Herman Tymiński (German Tymiński; ros. Герман Тиминский; 1843 Boćki - 12 March 1896, Krasnystok, presently Różanystok) was an Orthodox priest active in the Grodno Governorate of the Russian Empire. He is remembered for his long and devoted ministry in Marian Sanctuary in the town of Krasnystok, where he revitalized religious life.

==Biography==
Michał Tymiński (b.1740) (son of Gregory (Grzegorz)), the grandfather of Herman, was an Uniate parish priest in the village of Andryjanki of Sapieha and Potocki. Herman's father, Jakob (Jakub) Tymiński (b. 1800), served as Uniate parish priest in Drohiczyn and Boćki. Both of Herman's brothers were also Orthodox priests, Peter (1879–1908) in the churches in Strugi-Buklicze and Rubel, and Platon (1832-1893) in Oltush transfiguration church and in Włodawa. The last priest in the family was Peter's son, Afanasy (Афанасий, b. 1860), who served as parish priest at the Synkovichskaya Church, St. Vladimir's Church in Grodno, the Church of St. Nicholas in Nikolskoye-Gagarino, and the Church of St. Michael the Archangel in Mikhailovskoye.

Tymiński studied at the Lithuanian Theological Seminary and was ordained as a priest on 17 January 1864. His first appointment was to the parish church in Łasza in Grodno district.

Before 1871 he probably moved to Boćki, where his son Jan was born.

Shortly thereafter, he was transferred to Krasnystok.
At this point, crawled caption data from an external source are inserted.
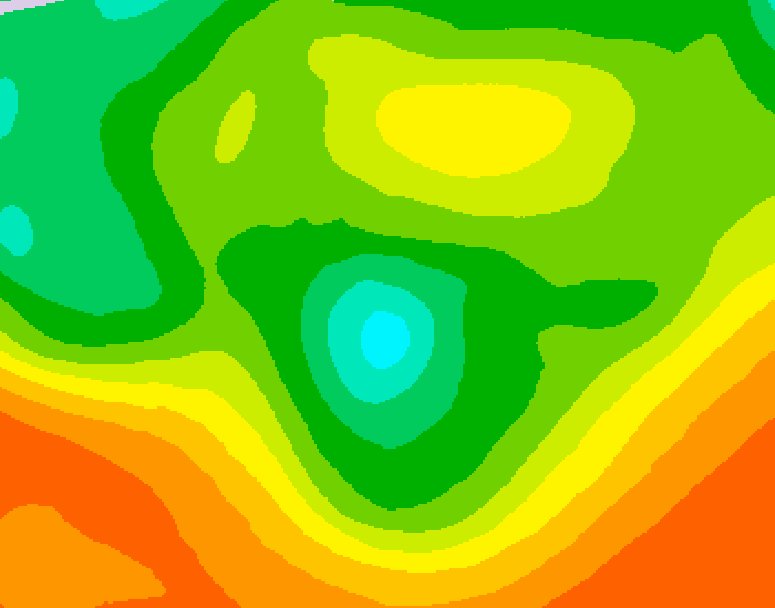 GDPS 500 millibar geopotential height 168 hour forecast chart for Canada based on 2026/06/09 1200Z data
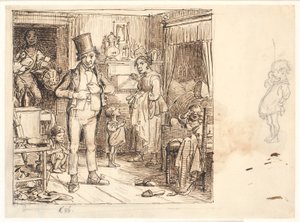 The Shoemaker Family Prepares for the Sunday Picnic by Wilhelm Marstrand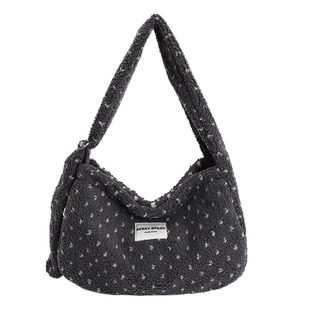 秋冬新款仿羊羔毛包包女2025秋冬新款暖呼呼可爱单肩包百搭斜挎包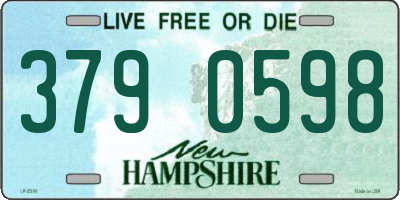 NH license plate 3790598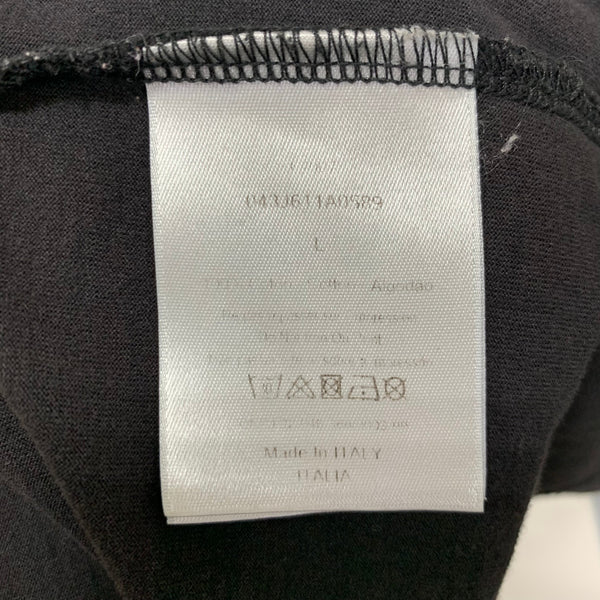 ディオール・オム DIOR HOMME 20AW HOMME ATELIER L/S TEE ロンT ブラック Lサイズ 201MT-4669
Father Herman had served in Krasnystok for 24 years.

He died from typhoid and epidemic typhus on 12 March 1896, fully conscious, blessing his wife and children before his death.

He was the grandfather of Brunon Tymiński, co-grandfather of Karol Rzepecki and the great-grandfather of Danuta Siedzikówna and Wiesława Korzeń.

==Legacy==
Krasnystok is known for its miracle-working icon of the Mother of God and attracts numerous pilgrims. During the tenure of Fr. Herman, the parish underwent significant revival after a period of decline. Contemporary accounts attribute the restoration of religious life and increased pilgrimage—among both Orthodox and Catholic faithful—to his efforts. Reports also indicate that members of neighboring Uniate Church communities began participating more frequently in services and sacraments at Krasnystok. The restoration took place amid local tensions and resistance, reflecting broader religious and social divisions in the region.

A saying associated with his legacy states, “The honor of a good man shall be remembered from age to age,” reflecting his reputation for humility and service.